Friday, May 9, 2008

The recession and US housing prices early in the decade

Figure 1:Median and Average Sales Prices of New Homes Sold in United States. Up, up, and then recently, down.
Click to Enlarge

I came across an interesting statement in Alan Greenspan's book (1st ed., p 225) explaining the reasons for the relative mildness of the 2001 US recession :

"In the United States, homes had increased in value so much that households, feeling flush, seemed more willing to spend"

It is widely acknowledged now (2008) that housing prices were inflated artificially due to the easy credit available in the first half of the decade. For example, Figure 1 shows the average and median US home prices between 1980 and 2007 (source: US census). Notice the very rapid increase in new home prices between 2000 and 2006. And the most recent slowdown.

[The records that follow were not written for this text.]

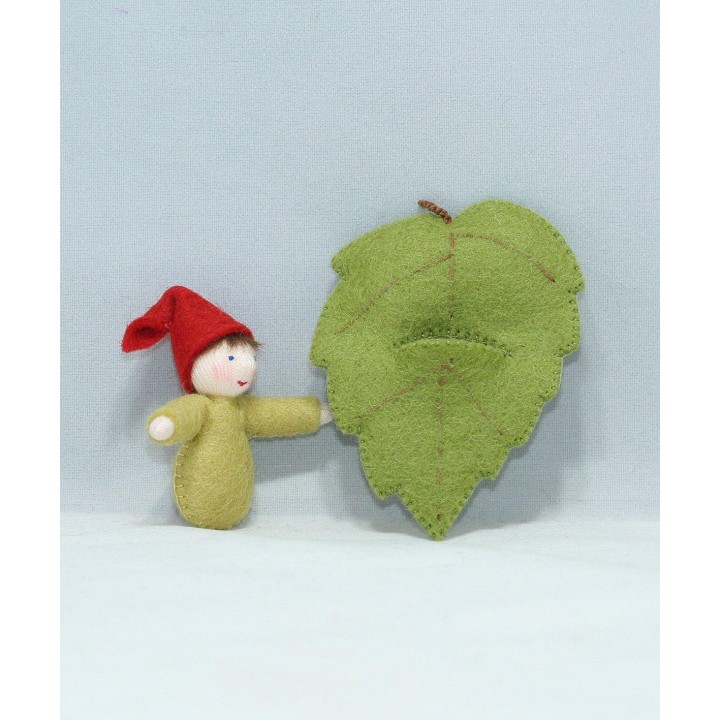 Bebe gnomo en saquito de hoja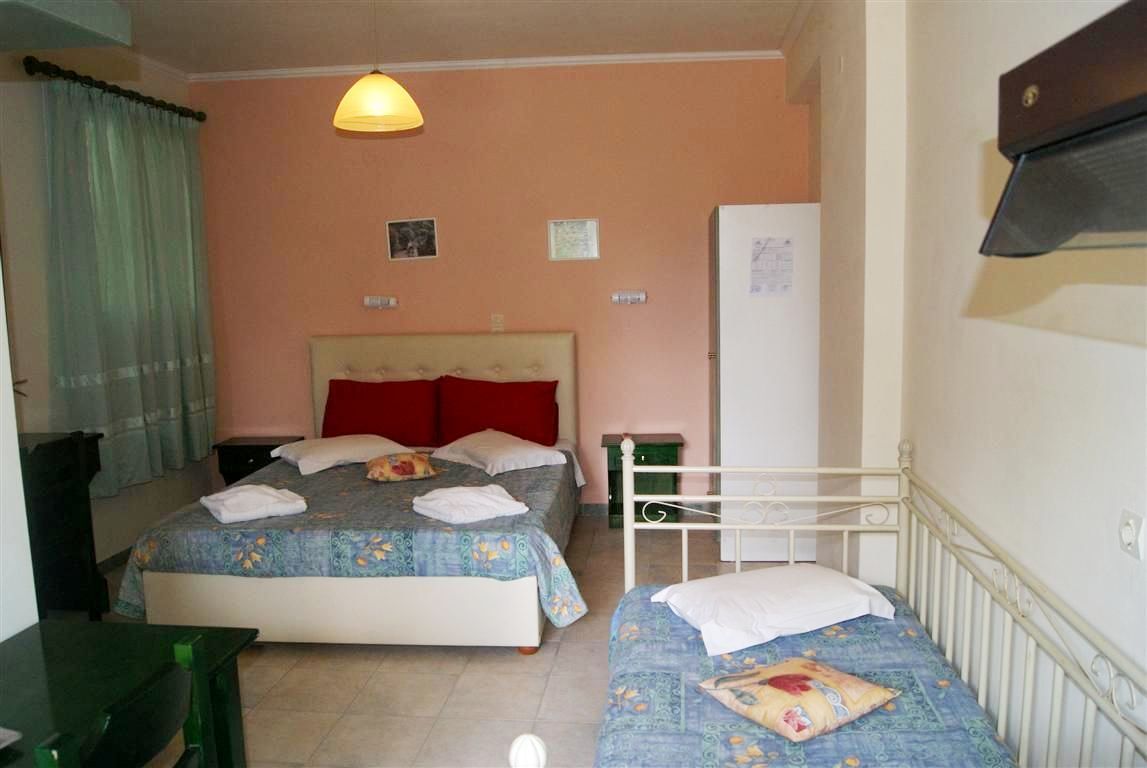Maria Apartments Lourdata  Esterno foto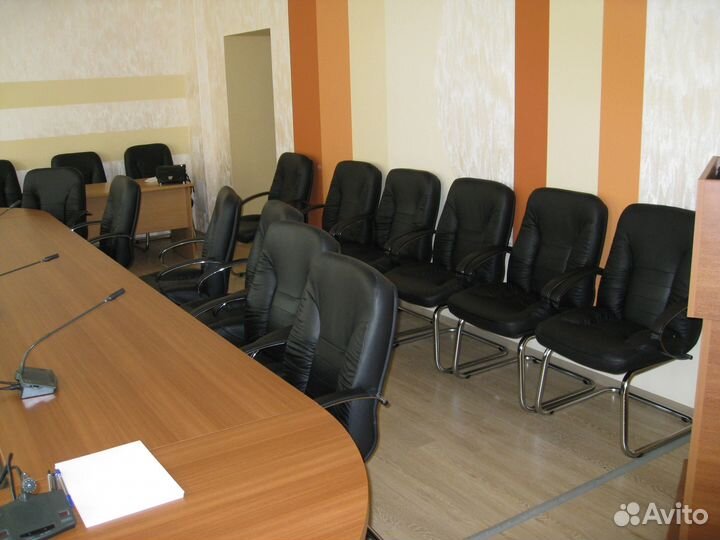 Конференц кресло 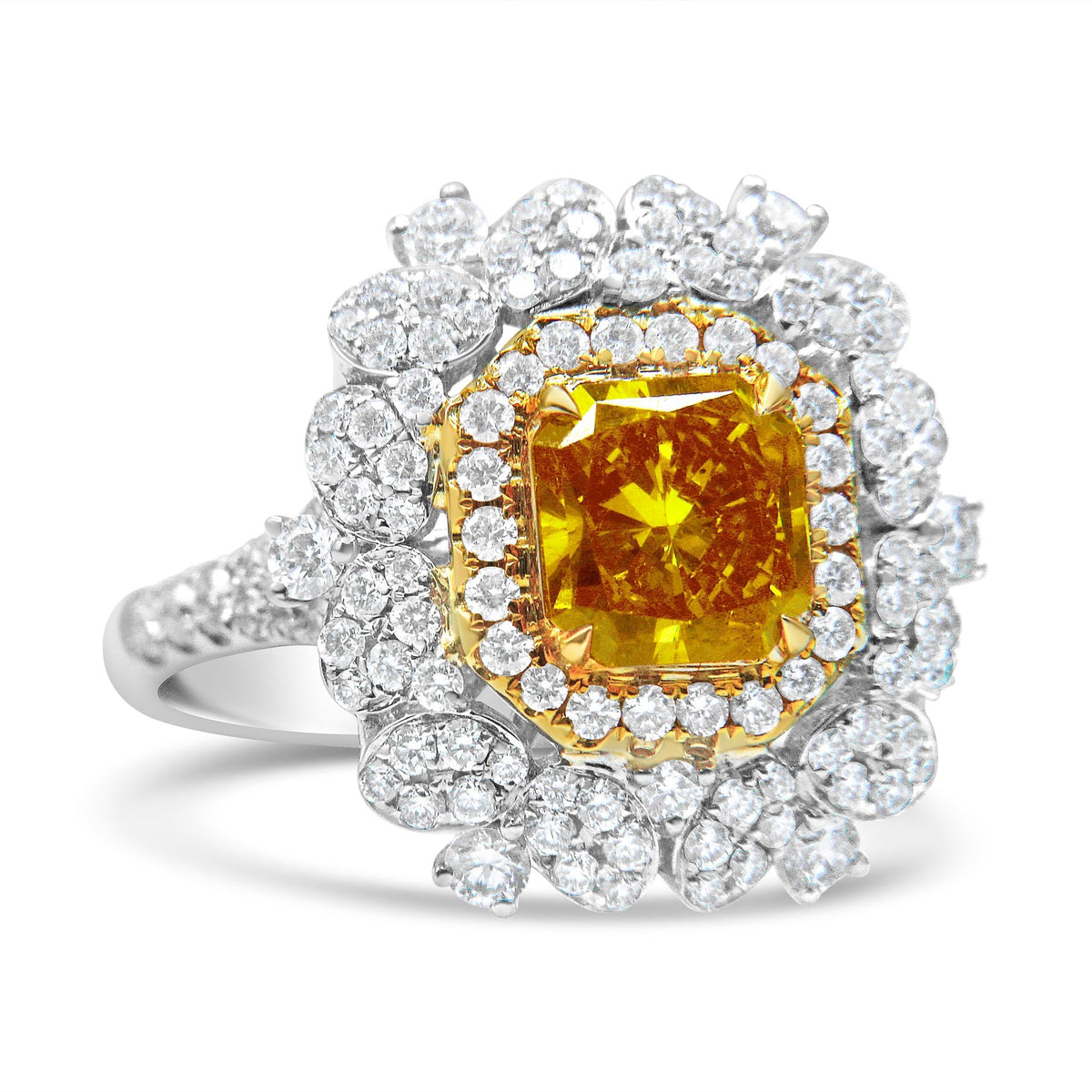 18k Yellow and White Gold 2 3/4 Cttw Lab Grown Yellow Radiant Cut Diamond Halo Cluster Ring (Yellow/G-H Color, VS1-VS2 Clarity) - Size 5.75 - LinkagejewelrydesignLinkagejewelrydesign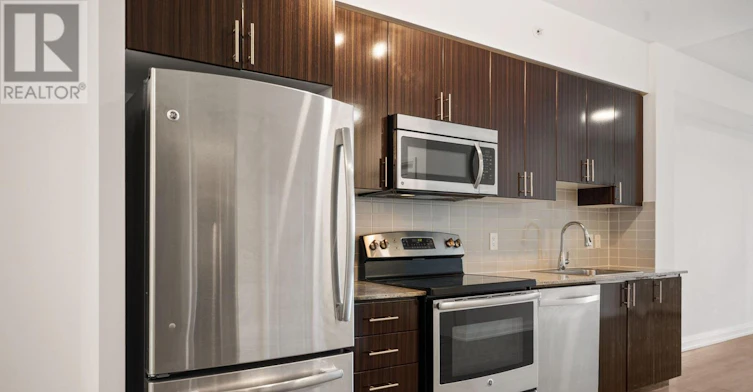 727-7161 Yonge Street, Vaughan, ON, L3T 0C8 - 5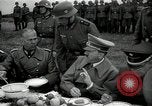 Standbild Adolf Hitler essen Sudetenland Tschechoslowakei, 1938, aus Sekunde 20 historischem Filmmaterial Videoclip 65675027043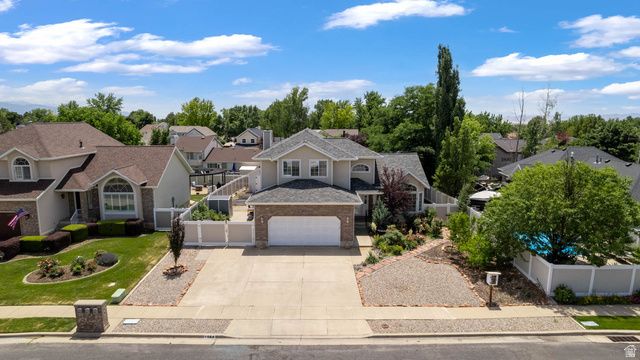 1084 E 1525 N, Layton, UT 84040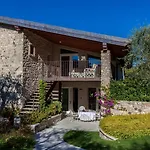 Lantgård Quercia Belvedere Relais *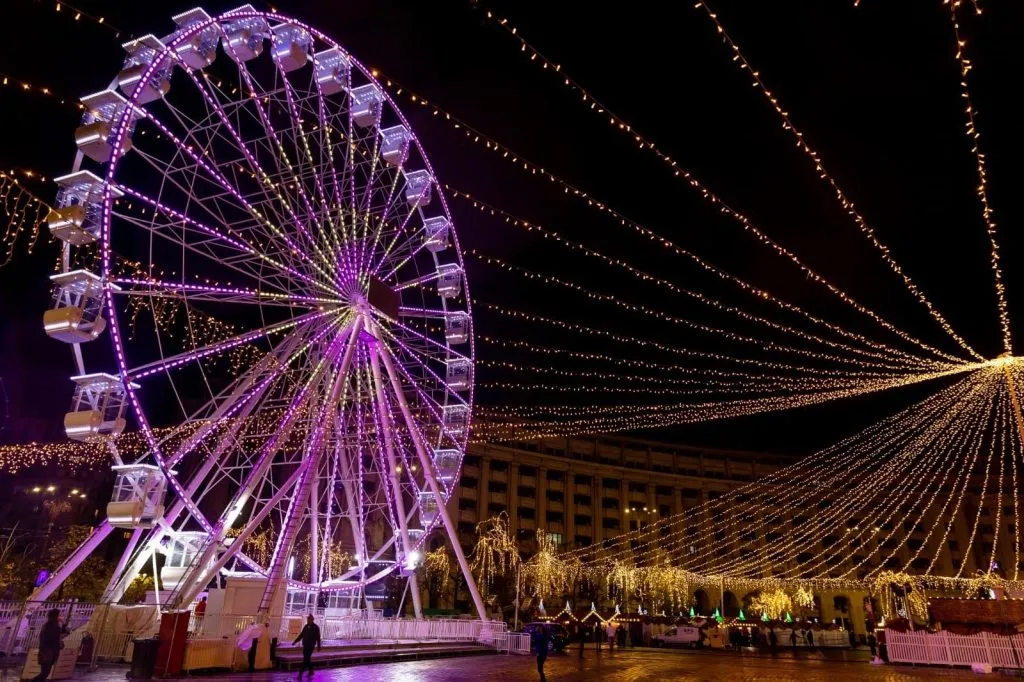 Au început să se deschidă târgurile de Crăciun din țară (FOTO) – foto 14
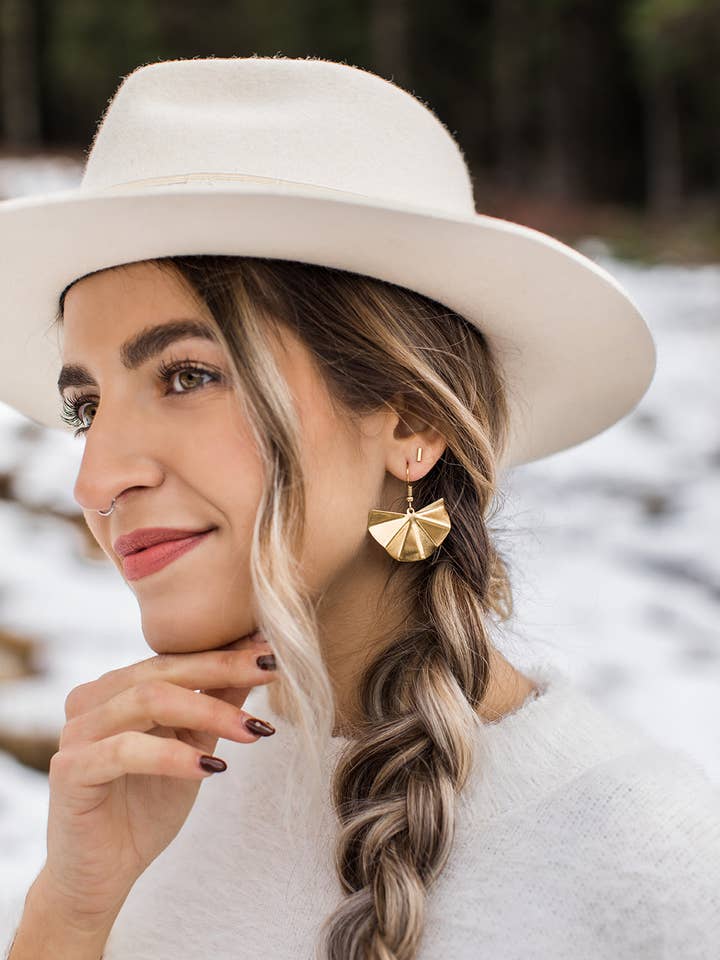 Mässing Sparkle uttalande örhängen för wholesale av Whitebirch Handmade Goods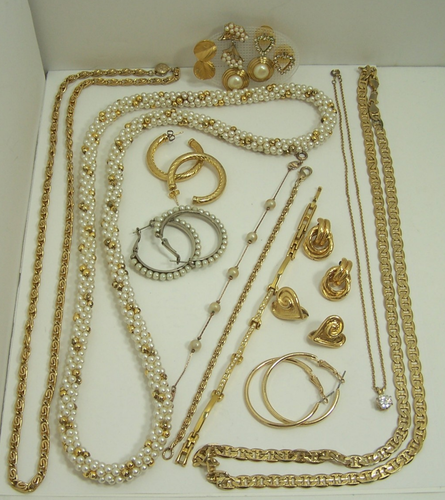 Mixed Lot Wearable Costume/Fashion Jewelry - Picture 2 of 8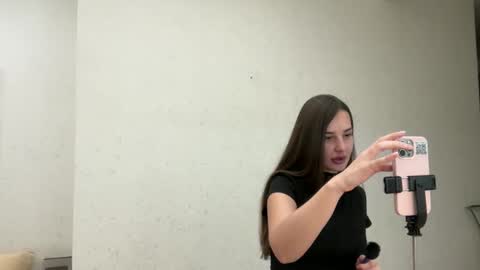 Snapshot of arivelle chatting on November 17, 11:27 am arivelle online show from November 17, 11:27 am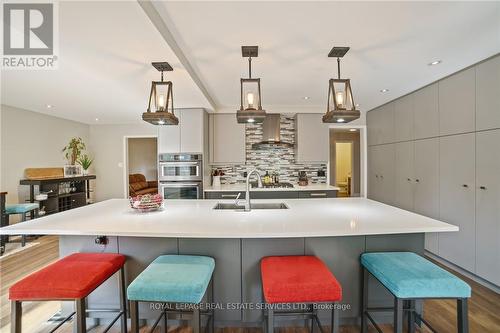 1837 Pilgrims Way, Oakville, ON - Indoor Photo Showing Kitchen With Upgraded Kitchen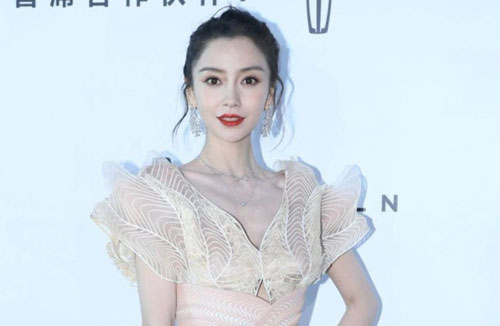 Gương mặt xinh đẹp là vậy nhưng Angelababy lại mất điểm vì gầy trơ xương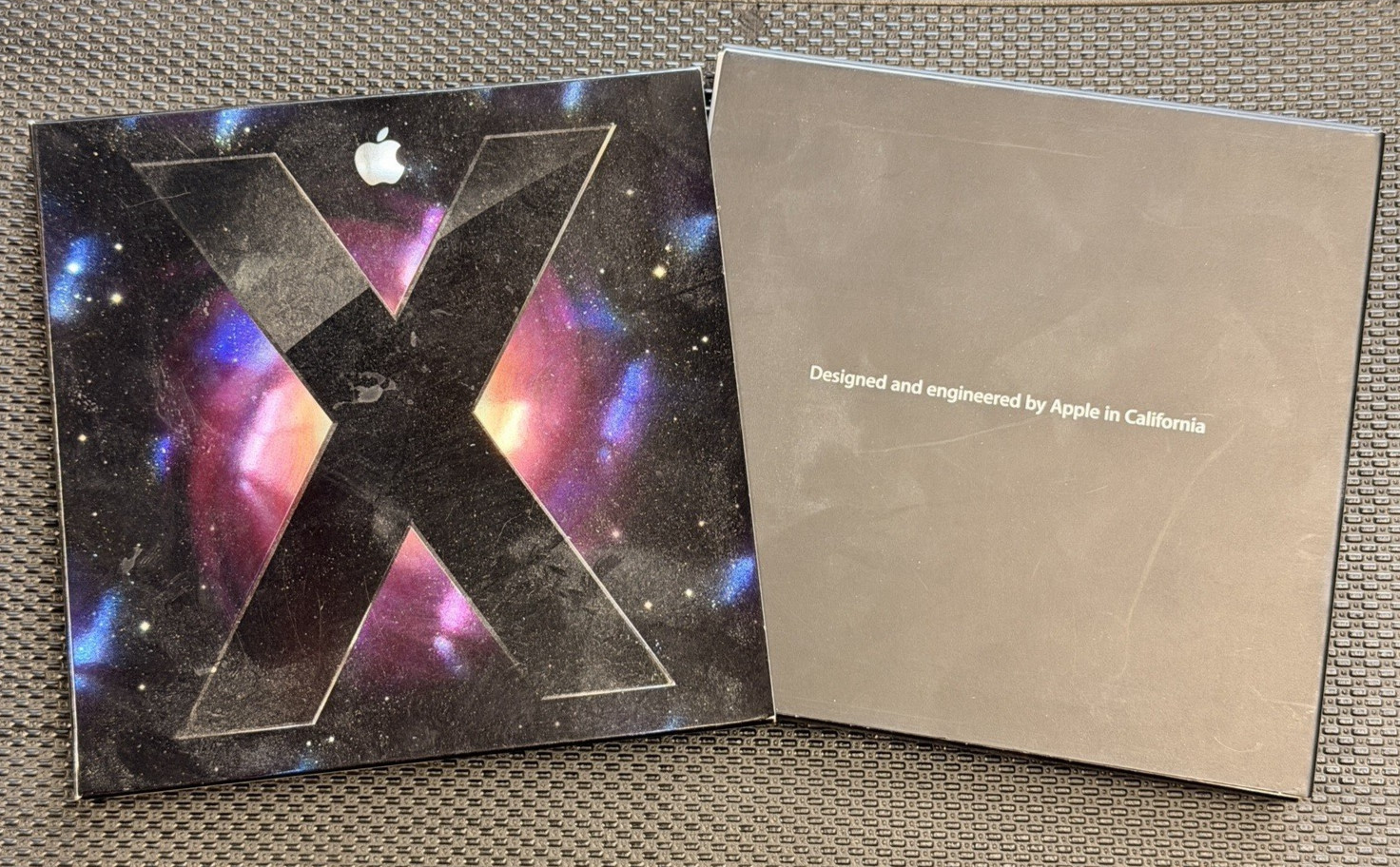 Apple Mac OS X Leopard 10.5 Retail Box Complete with Manual & Apple Stickers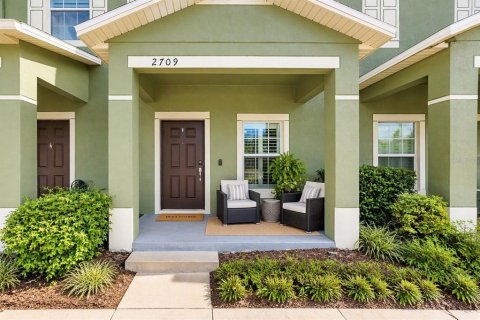 Townhouse in Brandon, Florida 2 bedrooms, 105.91 sq.m. № 2408527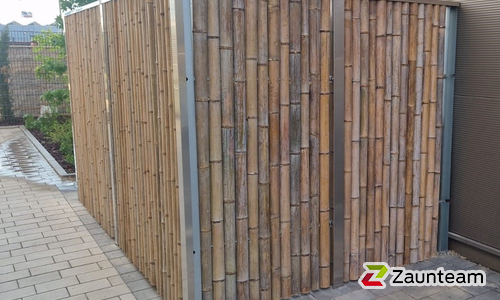 Sichtschutz Bambus Chiang-Mai / Stahlpfosten mit Edelstahlabdeckung einbetoniert wurde in Lauchringen von Zaunteam Granacher, Lauchringen im Jahr 2024 erstellt.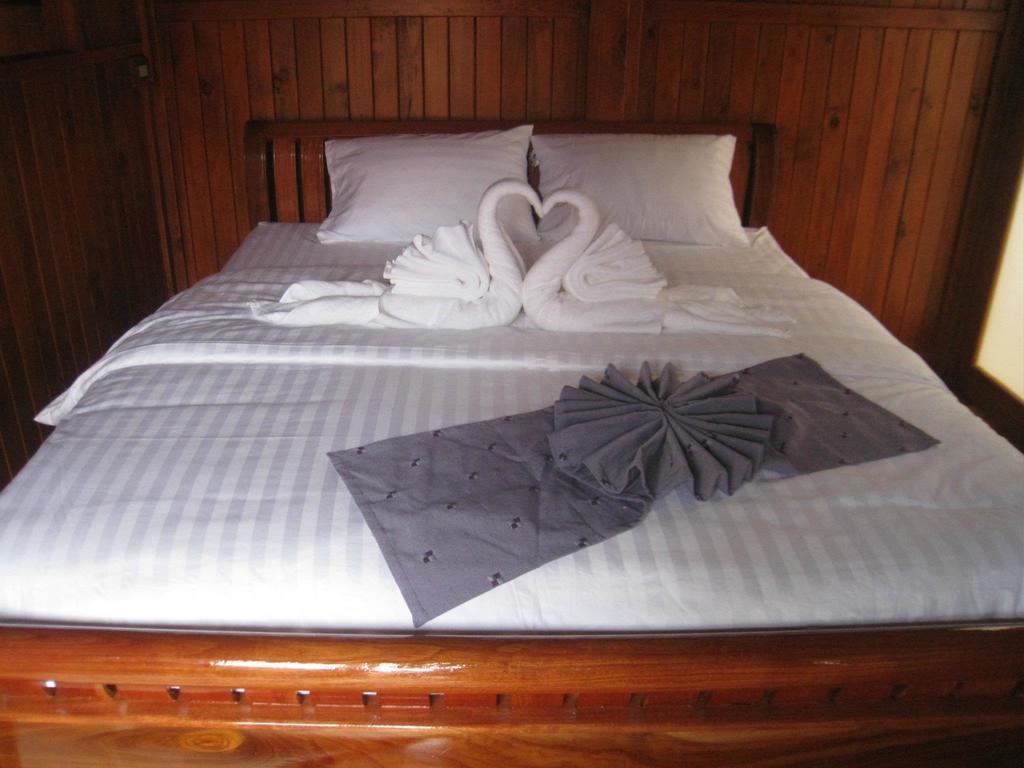 Wood House Pattaya Hotel Екстериор снимка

Greenspan has touched on the fundamental force responsible for the 2001 recession being so mild - the economy's white knight in shining armor was the US consumer with pockets full from the soaring house prices. All those refinancing dollars kept up the consumer spending. The 2000-01 dot com debacle was perhaps larger than it seemed; but the cushioning effect of housing prices made the pain a lot less, back then.

Does this mean that it is payback time now? Did we end up borrowing from the future in 2001? With housing prices plateauing and actually decreasing in some markets, I very much doubt of housing will bail out the economy this time.

Wanted: New knight in shining armor, preferably resilient to speculative forces.

Well I've read that the weak dollar is good for US exports and also makes foreign imports dearer (e.g. $120+ oil). Perhaps these two factors will buttress the US economy this time. Wait and watch.